Social | publié le : 20.06.2022 | Benjamin d'Alguerre

Ils ont été les figures de proue de la majorité sortante à l’Assemblée Nationale sur les dossiers sociaux pendant le précédent quinquennat, qu’il s’agisse d’emploi, d’apprentissage, de formation professionnelle, de santé au travail, de droits sociaux des travailleurs des plateformes ou de retraites. Certains ont conservé leur siège, d’autres ont été battus dimanche dernier.
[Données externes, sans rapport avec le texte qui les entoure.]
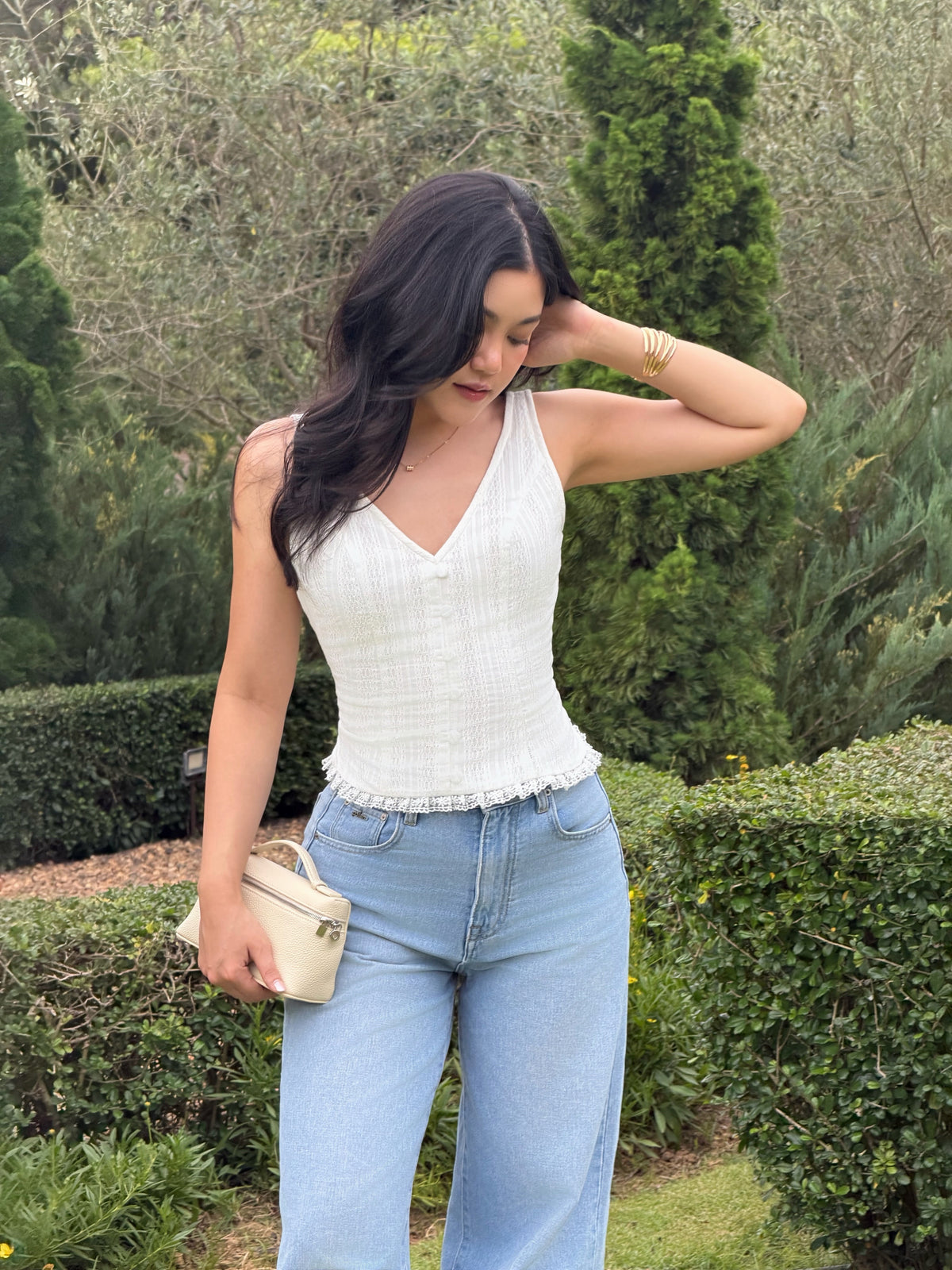 This and do not disturb on 🌙Fit details ✨〰️Viva is wearing Rosette top and Rosette midi skirt in white floral〰️Ploy i...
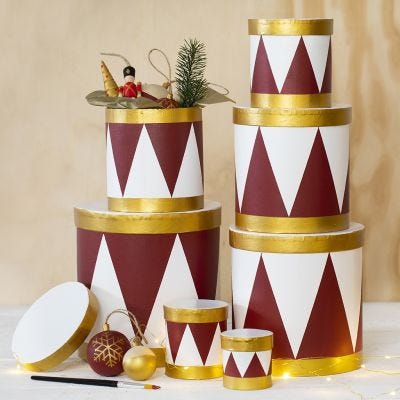 Cajas pintadas como tambores con pintura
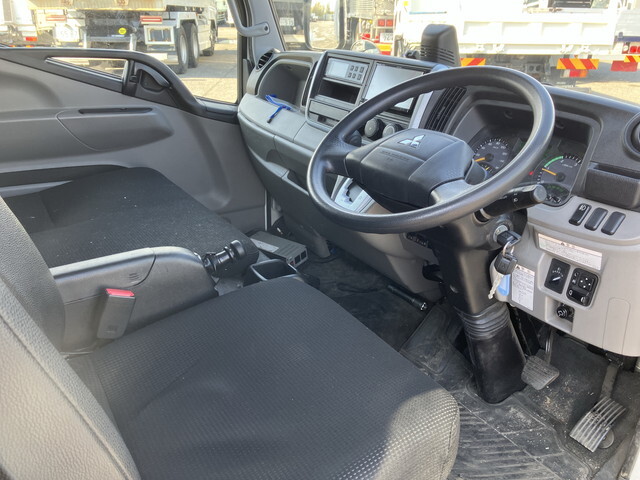 三菱ふそうキャンター冷凍車（冷蔵車）小型（2t・3t）[写真33]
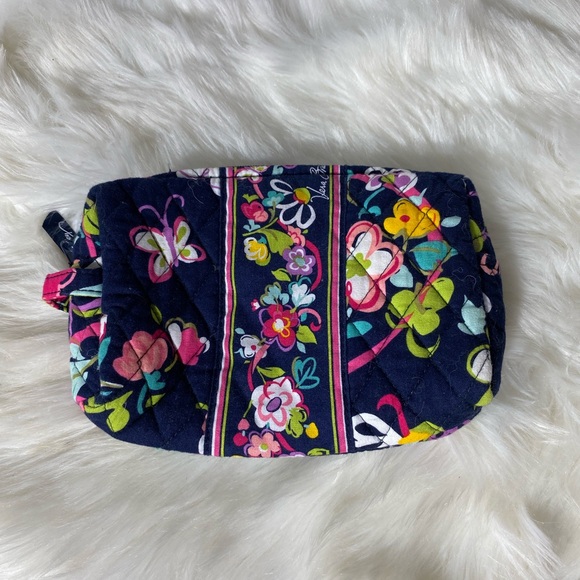 Vera Bradley Handbags - ☀️ 5 for 25.00 sale Vera Bradley  cosmetic case,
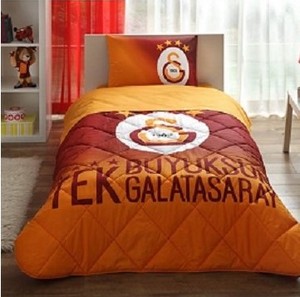 Taç Lisanslı Galatasaray 4.Yıldız Complete Set Tek Kişilik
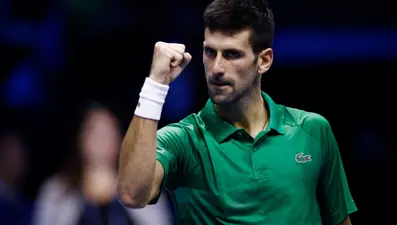 Djokovic, erkekler sezon sonu turnuvasında 3'te 3 yaptı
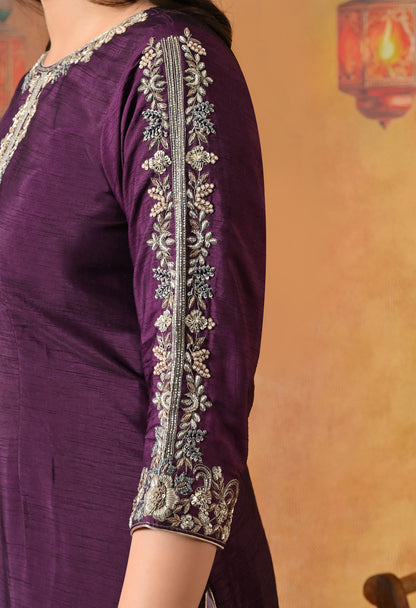 Elegant Purple Kurta Set with Intricate Zardozi Embroidery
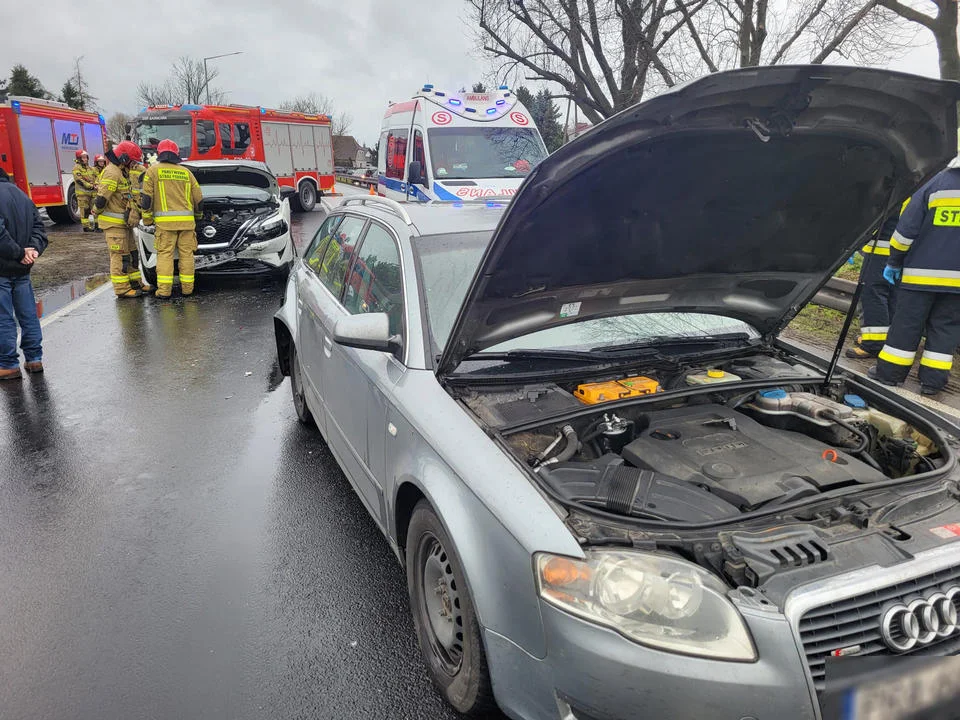 Zderzenie dwóch samochodów na DK36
Tour d’horizon.

Carole Grandjean

Circonscription : 1re de Meurthe-et-Moselle

Les Nancéiens viennent d’accorder à Carole Grandjean un second mandat en lui permettant de battre, dimanche dernier, son concurrent de la Nupes, Nordine Jouira. L’occasion, pour cette ancienne cadre RH du groupe Elior de poursuivre un travail parlementaire assidu qui avait débuté dès 2017 par son activité de rapporteuse du titre 3 de la loi "pour la liberté de choisir son avenir professionnel" – celui consacré aux entreprises inclusives, à l’insertion du handicap dans l’emploi, au détachement des travailleurs ou aux moyens de l’Inspection du travail pour lutter contre le travail illégal – et poursuivi par la rédaction de trois rapports successifs. Un premier consacré au sujet très clivant des fraudes aux prestations sociales, le deuxième sur la constitution d’un socle européen des droits sociaux qui prévoyait en particulier la création d’une Agence européenne du travail, une forme d’Inspection du travail à l’échelle de l’UE qui a commencé ses activités en 2019, et l’introduction d’un congé parental de 4 mois, et le troisième (en collaboration avec la députée LFI Danièle Obono) sur la protection sociale des travailleurs des plateformes, dont les conclusions en matière de dialogue social des travailleurs des plateformes ont en partie été reprises pour mettre en place l’Autorité de régulation des plateformes d’emploi (Arpe) qui vient de chapeauter les premières élections professionnelles des livreurs et chauffeurs VTC.

Sylvain Maillard

Circonscription : 1re de Paris

Lui aussi a gagné son ticket pour un retour sur les bancs de l’Assemblée. Le député de la première circonscription de Paris, venu de l’UDI a remporté son duel face à Thomas Luquet de la Nupes. Élu en 2017, ce chef d’entreprise se qualifiant de "centre-droit" avait été l’un des premiers parmi les nouveaux arrivés au Palais-Bourbon à s’impliquer sur les questions d’assurance-chômage en vertu de quoi il s’était vu confier la mission de rapporteur du premier volet de la réforme "pour la liberté de choisir son avenir professionnel" portée par Muriel Pénicaud. Lors de l’évaluation de cette loi, réalisée en 2022, il réclamait une réécriture des dispositifs relatifs à l’indemnisation des démissionnaires et des travailleurs indépendants qui n’ont pas trouvé leur public.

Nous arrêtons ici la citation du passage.